Why do the vast majority of DeFi projects ultimately turn into short-term incentive games, where once the funds are distributed, the hype disappears, and users follow suit?


Recently, I’ve been looking at @RiverdotInc and found that their way of breaking this vicious cycle is quite interesting. Instead of continuing to compete over APY, they directly change the distribution logic to separate capital and contribution.
The traditional model is simple: you provide liquidity and earn rewards, but River adds an extra layer with @River4fun, allowing activities like content creation, promotion, and governance participation to also generate income. Moreover, these earnings are not one-time but accumulate into Points, which are eventually mapped to tokens.
The key point is that it doesn’t completely abandon capital but adopts a layered structure. You can participate purely through content, or increase your influence by staking assets, and there’s no lock-up restriction. This is actually very friendly to liquidity users.
From a mechanism design perspective, this is quite a challenging task—integrating capital contribution and cognitive contribution into a unified incentive function, and using algorithms to measure content quality and influence.
This kind of model will definitely face skepticism in the short term because it looks like SocialFi, but at its core, it’s built around infrastructure for stablecoins and cross-chain liquidity.

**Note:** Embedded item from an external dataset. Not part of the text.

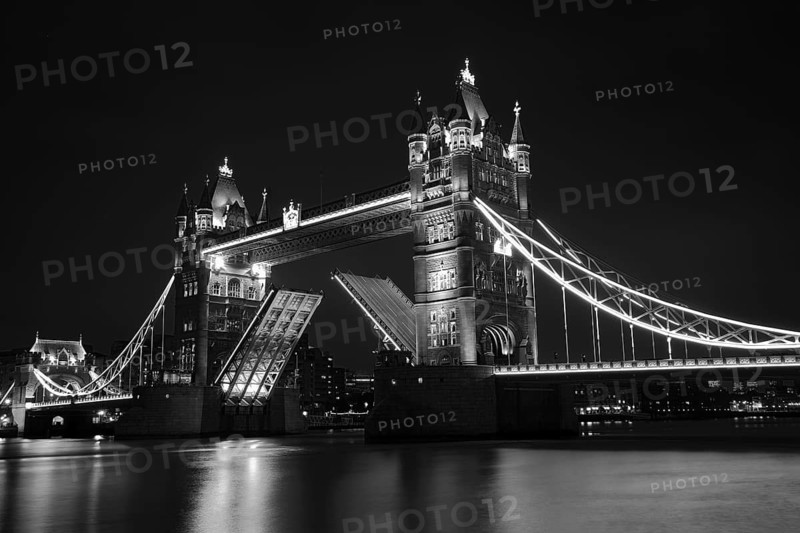 Illuminated Tower Bridge in London at night, black and white, London, England, Great Britain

In other words, while River appears to be doing attention mining on the surface, it’s actually orchestrating cross-chain capital flow underneath. The dissonance between the superficial narrative and the underlying structure is what makes it most interesting.
If DeFi truly enters a phase of stock competition in the future, relying solely on capital incentives will no longer be enough. Those who can turn user behavior itself into assets will have the potential to gain a long-term advantage.